According to an embodiment, the method for controlling the elevator may further comprise generating a control command to cause the selected car to fulfil the new call. The control command may be generated to control a movement of the selected car along one of the vertical axes, e.g. along a shaft of the building. The control command may be generated considering the other calls assigned to the selected car. Examples for such a control command are “go up”, “go down”, “go to floor X” or “go to the next floor”. The control command may also cause the selected car to close and/or open its door(s) and/or to fulfil the other calls assigned to it.
According to an embodiment, the first input data may encode at least the current position of the first car, the current calls assigned to the first car and the new call. The first input data may additionally encode the current position of the second car and/or the current calls assigned to the second car.
According to an embodiment, the second input data may encode at least the current position of the second car, the current calls assigned to the second car and the new call. The second input data may additionally encode the current position of the first car and/or the current calls assigned to the first car.

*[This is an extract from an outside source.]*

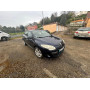 Renault Megane 1.5 Дизель  Механіка 2009 рік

As mentioned above, the current state and/or the sensor data may further include, for example, a current moving direction (e.g. “up”, “down”, “stopped”) and/or a current occupancy (e.g. “full”, “not full”) of each car. In this case, the first input data may additionally encode the current moving direction and/or the current occupancy of the first car (and, optionally, of the second car) and/or the second input data may additionally encode the current moving direction and/or the current occupancy of the second car (and, optionally, of the first car).
In other words, it is possible that each agent sees information relating to not only its own state but also the state of any other agent.
This may improve the accuracy of the method.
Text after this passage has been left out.